Procedures for TECs and UECs
Efforts to ‘standardise’ assessment of the quality and nature of care in HIV differ from most previously standardised patient or mystery client work in that HIV care is longitudinal as opposed to episodic or acute care. Under these circumstances, the more conventional standardised patient where a single trained actor can present to multiple different care facilities as a simulated patient with a defined set of symptoms or complaints to assess a single episode of care is not feasible. For example, a patient would have to either register as a new patient or have a false ‘file’ introduced into the paper and electronic medical records—which was deemed infeasible and undesirable.

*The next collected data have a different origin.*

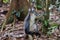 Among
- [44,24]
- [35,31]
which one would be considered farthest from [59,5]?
[35,31]

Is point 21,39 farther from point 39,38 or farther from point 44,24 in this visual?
point 44,24

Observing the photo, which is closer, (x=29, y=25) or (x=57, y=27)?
(x=29, y=25)

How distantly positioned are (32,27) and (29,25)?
0.12 meters

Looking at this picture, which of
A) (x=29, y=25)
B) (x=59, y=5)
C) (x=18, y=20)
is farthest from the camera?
(x=59, y=5)

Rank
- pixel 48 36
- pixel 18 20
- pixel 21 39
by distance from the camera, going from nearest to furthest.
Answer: pixel 21 39
pixel 48 36
pixel 18 20

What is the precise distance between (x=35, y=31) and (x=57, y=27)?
0.91 m

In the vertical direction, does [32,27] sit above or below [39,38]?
above

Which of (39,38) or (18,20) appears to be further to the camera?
(18,20)

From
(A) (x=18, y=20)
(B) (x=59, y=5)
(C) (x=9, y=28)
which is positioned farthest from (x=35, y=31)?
(B) (x=59, y=5)

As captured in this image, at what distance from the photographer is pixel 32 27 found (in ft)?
13.1

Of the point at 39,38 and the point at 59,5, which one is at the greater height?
the point at 59,5

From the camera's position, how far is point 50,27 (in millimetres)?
4641

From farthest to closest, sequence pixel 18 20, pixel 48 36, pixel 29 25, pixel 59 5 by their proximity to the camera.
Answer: pixel 59 5 < pixel 18 20 < pixel 48 36 < pixel 29 25

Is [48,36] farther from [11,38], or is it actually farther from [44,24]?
[11,38] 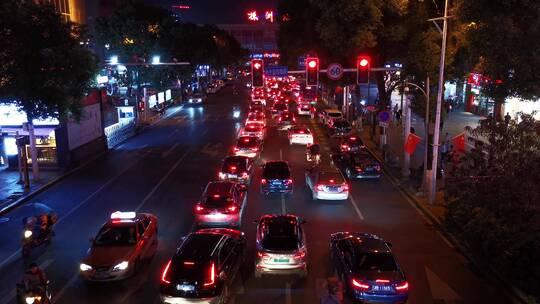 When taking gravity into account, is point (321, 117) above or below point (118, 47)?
below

Instead of simulated patients, we recruited existing patients already receiving care at a particular facility and then subsequently trained them on the concepts of quality of care according to the MOH manual on Quality Improvement for HCWs in Zambia. To avoid disclosing their trained status, patients were recruited on the day of their visit prior to them entering the triage area (ie, the first point of contact with HCWs). Those who consented underwent single one-on-one training session for 40–60 min where they were sensitised to the study instrument (which was the same for both TECs and UECs), the MOH care standards and strategies on being natural yet observant during their clinic visit for that day according to the standard SP approach. These procedures were meant to ensure patients had a clear and uniform understanding on what they should expect during a high-quality patient visit and were attentive to these critical aspects relative to these standards. Immediately after this training, the TEC presented themselves to their facility and completed their visit as they normally would. After their clinic encounter, participants then completed the exit survey in a private area.
For the UEC surveys, we took a systematic (every nth, varied by facility size) sample among the patients leaving the facility after attending the clinic on the survey day. Patients were approached by study staff after the visit using a recruitment script to determine their eligibility and were administered the survey after granting consent in a private area.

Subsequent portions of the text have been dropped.